O trabalho de pesquisadores da Universidade de Nebraska, nos Estados Unidos, foi publicado nesta sexta-feira na revista científica Science.

"Atualmente os sensores tácteis existentes são frustrantes porque têm resolução de milímetros", explicou o professor Ravi Saraf, da Universidade de Nebraska, em Lincoln e um dos co-autores do projeto.

"A resolução do tato dos dedos humanos é de cerca de 40 microns, metade do diâmetro do cabelo humano."

Saraf e o colega Vivek Maheshwari conseguiram criar um sensor com alto grau de sensibilidade usando um filme muito fino feito de camadas de metal e de nanopartículas semicondutoras, com eletrodos encima e embaixo.

Efeito de luz fotografa o tato

Quando outra superfície toca o filme, qualquer pressão ou estresse comprime as camadas de partículas, a corrente do filme muda e luz é emitida das partículas em um efeito "eletroluminescente". A luz produzida é detectada por uma câmera.

"O bonito da coisa é que conseguimos fazer um equipamento de forma que a corrente mude, e que se consegue exatamente a luz proporcional ao estresse aplicado", disse Saraf.

Para demonstrar a alta sensibilidade do equipamento, o cientista pressionou uma moeda de um centavo de dólar no robô. O sensor revelou as rugas das roupas do presidente Lincoln e as letras TY de "liberty" (liberdade), inscritas na moeda.

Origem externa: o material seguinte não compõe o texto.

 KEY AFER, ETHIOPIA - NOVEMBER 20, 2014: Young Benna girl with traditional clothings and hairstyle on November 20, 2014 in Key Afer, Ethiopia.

O filme é sensível, mas forte o suficiente para ser usado repetidamente.

"A esperança é que se o tato é como o de um dedo humano, pode ter aplicações como cirurgias minimamente invasivas, nas quais os médicos possam 'tocar' os tecidos nas operações e saber se são cancerosos ou anormais, o que aumentaria o sucesso destas operações", afirma Saraf.

Para o especialista em robótica, Ricard Crowder, da Universidade de Southampton, que comenta o trabalho em um artigo da revista, "este sensor único pode provar ser um avanço tecnológico chave no progresso da robótica e das cirurgias de mínimo acesso".